Start of SUPPLIED DATA

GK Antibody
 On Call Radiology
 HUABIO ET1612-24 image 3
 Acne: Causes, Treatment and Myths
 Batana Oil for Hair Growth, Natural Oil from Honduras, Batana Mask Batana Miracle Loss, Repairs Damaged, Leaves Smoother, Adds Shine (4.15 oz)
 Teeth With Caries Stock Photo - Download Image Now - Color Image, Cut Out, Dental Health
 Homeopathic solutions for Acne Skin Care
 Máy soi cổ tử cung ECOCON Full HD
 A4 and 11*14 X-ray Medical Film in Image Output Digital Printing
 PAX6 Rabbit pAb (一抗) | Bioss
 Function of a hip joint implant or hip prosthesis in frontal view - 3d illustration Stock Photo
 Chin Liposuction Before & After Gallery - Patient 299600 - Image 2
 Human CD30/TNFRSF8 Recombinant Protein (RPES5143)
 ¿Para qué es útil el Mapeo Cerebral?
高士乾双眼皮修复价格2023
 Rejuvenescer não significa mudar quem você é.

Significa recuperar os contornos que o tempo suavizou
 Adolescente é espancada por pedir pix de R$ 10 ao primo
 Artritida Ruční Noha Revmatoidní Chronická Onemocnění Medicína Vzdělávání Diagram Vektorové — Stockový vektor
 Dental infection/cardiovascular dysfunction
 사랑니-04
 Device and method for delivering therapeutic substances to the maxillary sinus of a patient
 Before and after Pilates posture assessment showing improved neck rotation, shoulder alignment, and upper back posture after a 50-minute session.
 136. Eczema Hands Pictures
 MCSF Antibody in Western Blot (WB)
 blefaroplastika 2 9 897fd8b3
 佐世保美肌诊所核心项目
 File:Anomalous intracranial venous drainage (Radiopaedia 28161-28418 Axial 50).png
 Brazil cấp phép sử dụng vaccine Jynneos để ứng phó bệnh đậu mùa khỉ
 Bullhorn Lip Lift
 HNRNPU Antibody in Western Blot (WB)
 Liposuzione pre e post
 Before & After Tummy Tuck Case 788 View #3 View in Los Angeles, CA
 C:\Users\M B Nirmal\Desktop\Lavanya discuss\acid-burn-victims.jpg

End of SUPPLIED DATA

Transcribe the lines above between the line holding "HUABIO ET1612-24 image 3" and the line holding "Máy soi cổ tử cung ECOCON Full HD", inclusive, exactly as they stand and with nothing added.

 HUABIO ET1612-24 image 3
 Acne: Causes, Treatment and Myths
 Batana Oil for Hair Growth, Natural Oil from Honduras, Batana Mask Batana Miracle Loss, Repairs Damaged, Leaves Smoother, Adds Shine (4.15 oz)
 Teeth With Caries Stock Photo - Download Image Now - Color Image, Cut Out, Dental Health
 Homeopathic solutions for Acne Skin Care
 Máy soi cổ tử cung ECOCON Full HD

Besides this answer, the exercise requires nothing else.